## 5.2 Feasible Generalized Least Squares

Motivation for a more efficient estimator

• Gauss-Markov Theorem holds under A1-A4

• A4: $$Var(\epsilon| \mathbf{X} )=\sigma^2I_n$$

• Heteroskedasticity: $$Var(\epsilon_i|\mathbf{X}) \neq \sigma^2I_n$$
• Serial Correlation: $$Cov(\epsilon_i,\epsilon_j|\mathbf{X}) \neq 0$$
• Without A4, how can we know which unbiased estimator is the most efficient?

Original (unweighted) model:

$\mathbf{y=X\beta+ \epsilon}$

Suppose A1-A3 hold, but A4 does not hold,

$\mathbf{Var(\epsilon|X)=\Omega \neq \sigma^2 I_n}$

We will try to use OLS to estimate the transformed (weighted) model

$\mathbf{wy=wX\beta + w\epsilon}$

We need to choose $$\mathbf{w}$$ so that

$\mathbf{w'w = \Omega^{-1}}$

then $$\mathbf{w}$$ (full-rank matrix) is the Cholesky decomposition of $$\mathbf{\Omega^{-1}}$$ (full-rank matrix)

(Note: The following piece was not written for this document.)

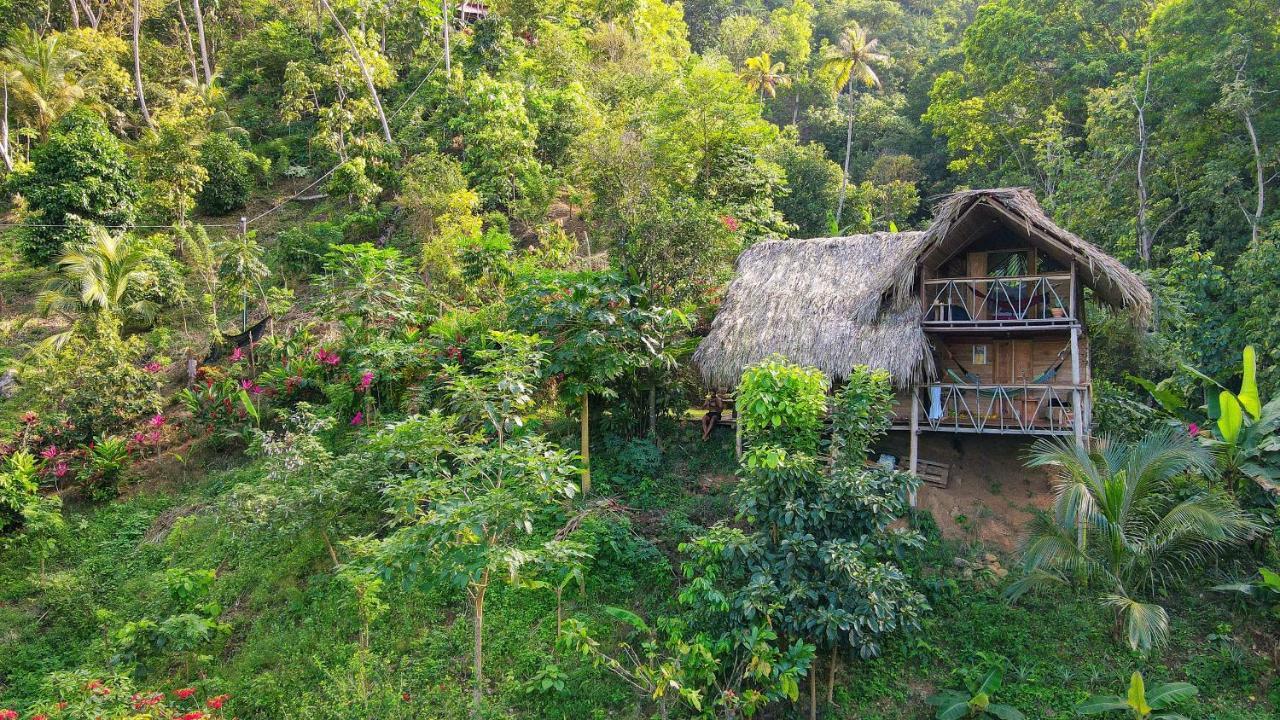 Finca La Selvita Chocolate Experience Буритака Экстерьер фото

In other words, $$\mathbf{w}$$ is the squared root of $$\Omega$$ (squared root version in matrix)

\begin{aligned} \Omega &= var(\epsilon | X) \\ \Omega^{-1} &= var(\epsilon | X)^{-1} \end{aligned}

Then, the transformed equation (IGLS) will have the following properties.

\begin{aligned} \mathbf{\hat{\beta}_{IGLS}} &= \mathbf{(X'w'wX)^{-1}X'w'wy} \\ & = \mathbf{(X'\Omega^{-1}X)^{-1}X'\Omega^{-1}y} \\ & = \mathbf{\beta + X'\Omega^{-1}X'\Omega^{-1}\epsilon} \end{aligned}

Since A1-A3 hold for the unweighted model

\begin{aligned} \mathbf{E(\hat{\beta}_{IGLS}|X)} & = E(\mathbf{\beta + (X'\Omega^{-1}X'\Omega^{-1}\epsilon)}|X)\\ & = \mathbf{\beta + E(X'\Omega^{-1}X'\Omega^{-1}\epsilon)|X)} \\ & = \mathbf{\beta + X'\Omega^{-1}X'\Omega^{-1}E(\epsilon|X)} && \text{since A3}: E(\epsilon|X)=0 \\ & = \mathbf{\beta} \end{aligned}

$$\rightarrow$$ IGLS estimator is unbiased

\begin{aligned} \mathbf{Var(w\epsilon|X)} &= \mathbf{wVar(\epsilon|X)w'} \\ & = \mathbf{w\Omega w'} \\ & = \mathbf{w(w'w)^{-1}w'} && \text{since w is a full-rank matrix}\\ & = \mathbf{ww^{-1}(w')^{-1}w'} \\ & = \mathbf{I_n} \end{aligned}

$$\rightarrow$$ A4 holds for the transformed (weighted) equation

Then, the variance for the estimator is

\begin{aligned} Var(\hat{\beta}_{IGLS}|\mathbf{X}) & = \mathbf{Var(\beta + (X'\Omega ^{-1}X)^{-1}X'\Omega^{-1}\epsilon|X)} \\ &= \mathbf{Var((X'\Omega ^{-1}X)^{-1}X'\Omega^{-1}\epsilon|X)} \\ &= \mathbf{(X'\Omega ^{-1}X)^{-1}X'\Omega^{-1} Var(\epsilon|X) \Omega^{-1}X(X'\Omega ^{-1}X)^{-1}} && \text{because A4 holds}\\ &= \mathbf{(X'\Omega ^{-1}X)^{-1}X'\Omega^{-1} \Omega \Omega^{-1} \Omega^{-1}X(X'\Omega ^{-1}X)^{-1}} \\ &= \mathbf{(X'\Omega ^{-1}X)^{-1}} \end{aligned}

Let $$A = \mathbf{(X'X)^{-1}X'-(X'\Omega ^{-1} X)X' \Omega^{-1}}$$ then $Var(\hat{\beta}_{OLS}|X)- Var(\hat{\beta}_{IGLS}|X) = A\Omega A'$ And $$\Omega$$ is Positive Semi Definite, then $$A\Omega A'$$ also PSD, then IGLS is more efficient

The name Infeasible comes from the fact that it is impossible to compute this estimator.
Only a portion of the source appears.